TASK ITEM →
A verbatim copy is needed of the lines below from the one containing "close-up of cyclist" up to and including the one containing "Image 7 of 13: Kitchen", excluding pictures.

INPUT DATA →
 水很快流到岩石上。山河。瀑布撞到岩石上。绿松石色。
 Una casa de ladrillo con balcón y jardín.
...
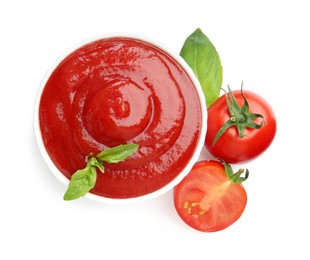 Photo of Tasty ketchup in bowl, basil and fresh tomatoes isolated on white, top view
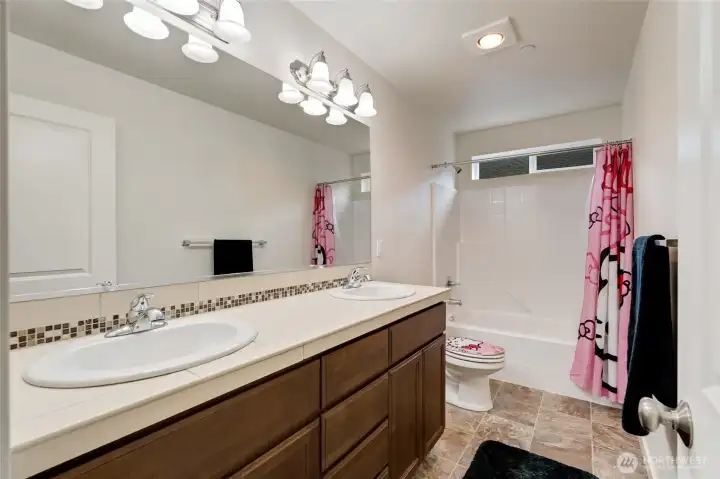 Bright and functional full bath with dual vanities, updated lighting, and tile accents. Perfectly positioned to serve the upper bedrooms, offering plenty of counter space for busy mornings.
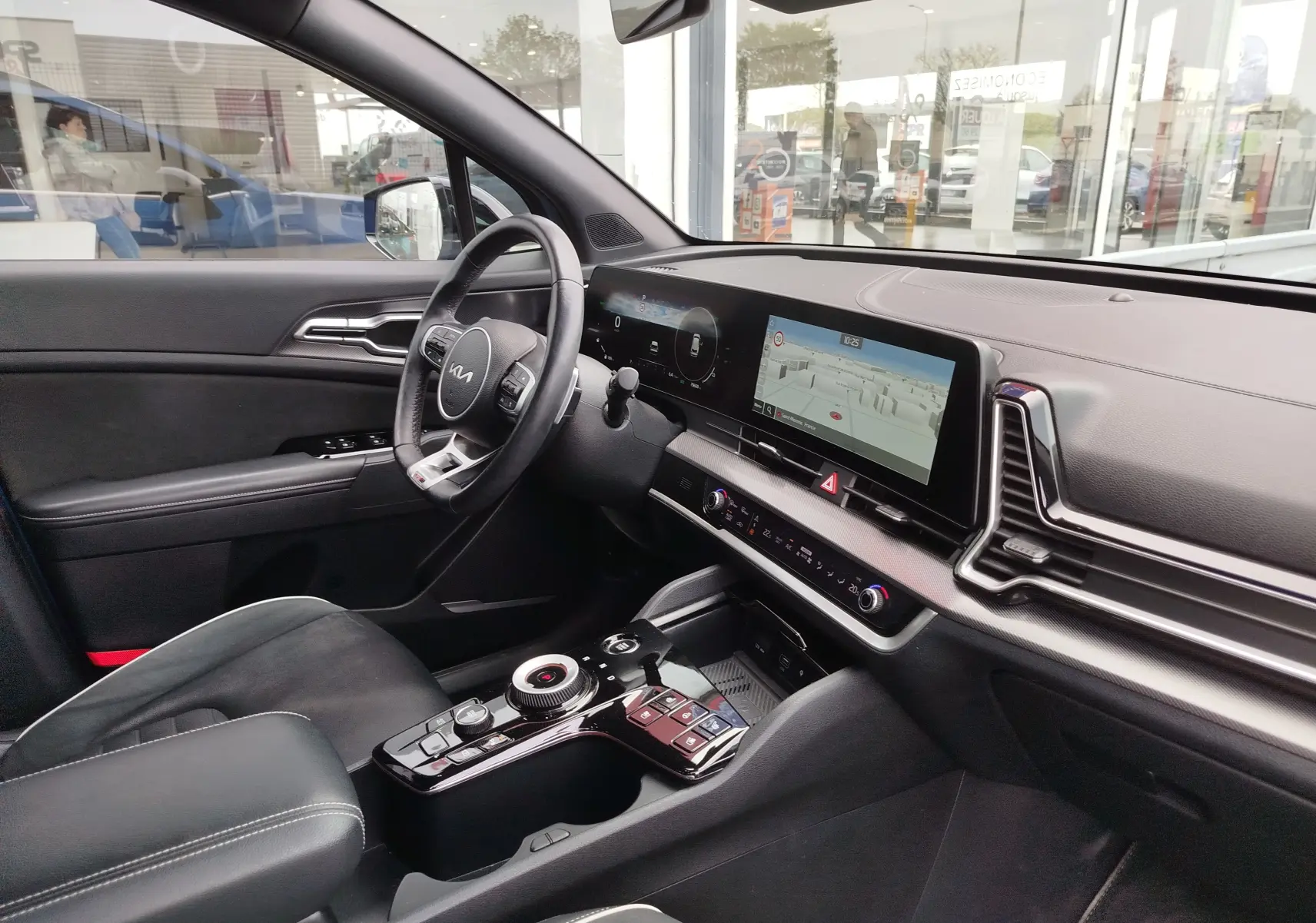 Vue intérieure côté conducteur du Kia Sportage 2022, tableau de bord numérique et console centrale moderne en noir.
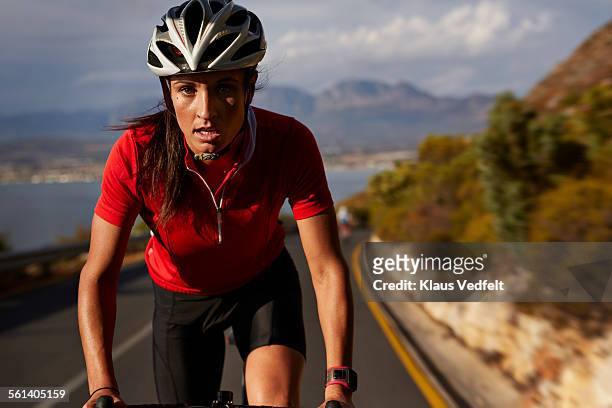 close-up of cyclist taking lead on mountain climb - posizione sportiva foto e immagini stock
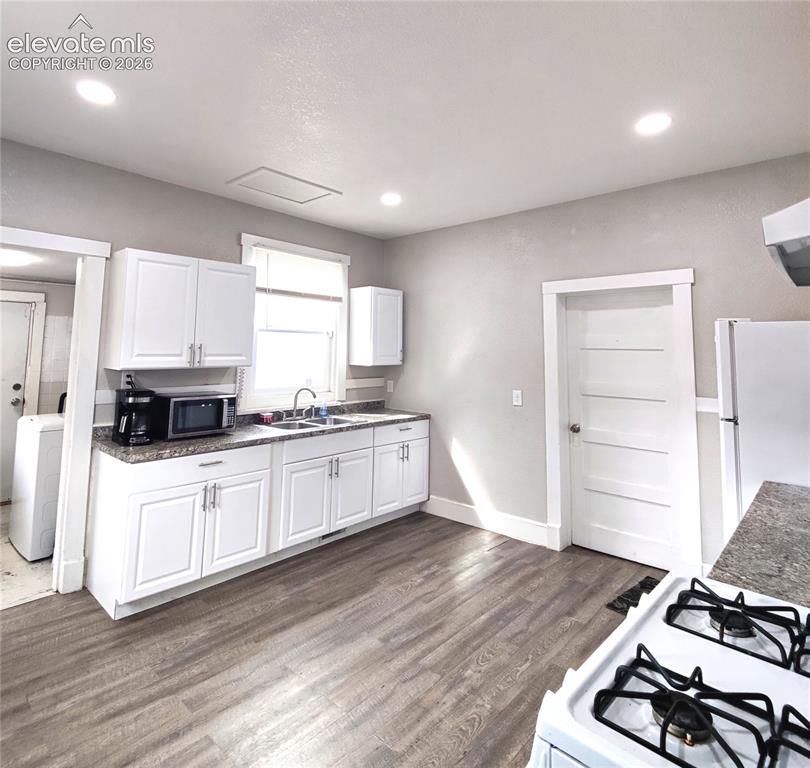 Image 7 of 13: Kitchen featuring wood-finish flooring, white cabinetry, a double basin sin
==
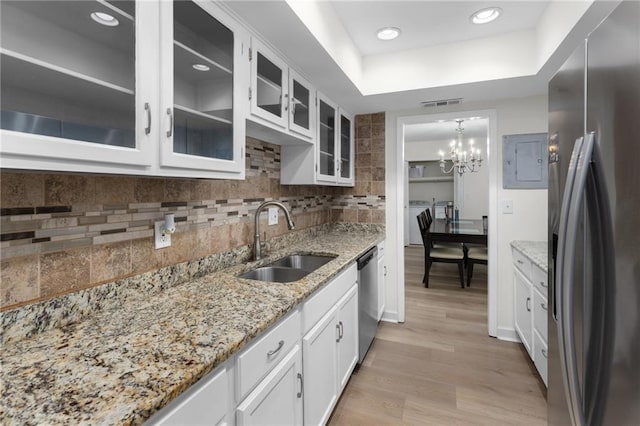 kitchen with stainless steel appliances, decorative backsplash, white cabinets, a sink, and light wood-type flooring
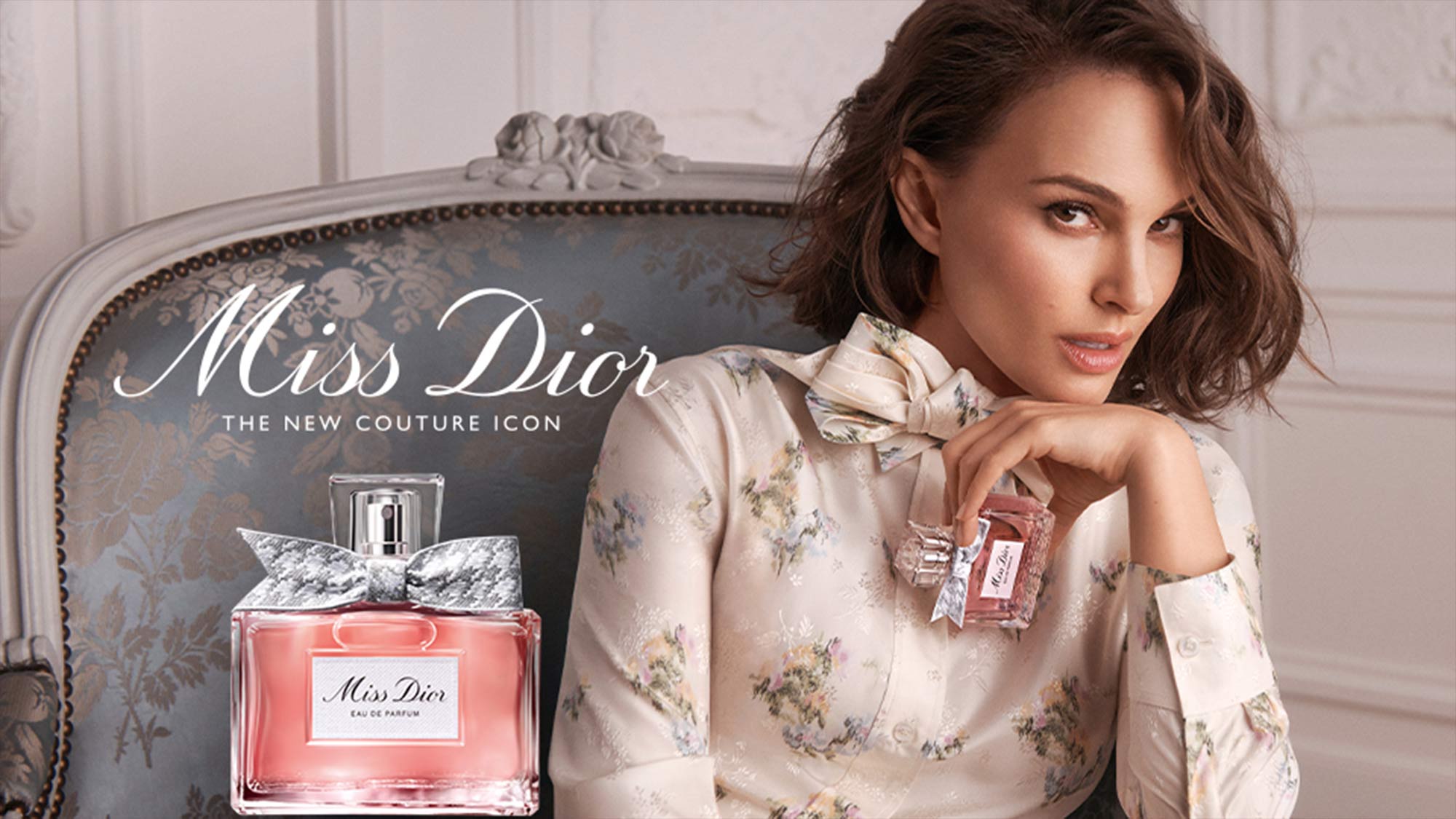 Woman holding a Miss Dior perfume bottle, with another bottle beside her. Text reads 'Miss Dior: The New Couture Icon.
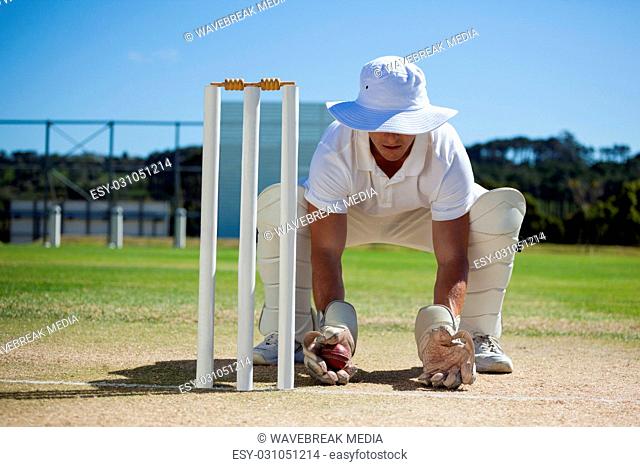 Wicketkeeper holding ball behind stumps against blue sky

PROBLEM SOLUTION →
 close-up of cyclist taking lead on mountain climb - posizione sportiva foto e immagini stock
 Image 7 of 13: Kitchen featuring wood-finish flooring, white cabinetry, a double basin sin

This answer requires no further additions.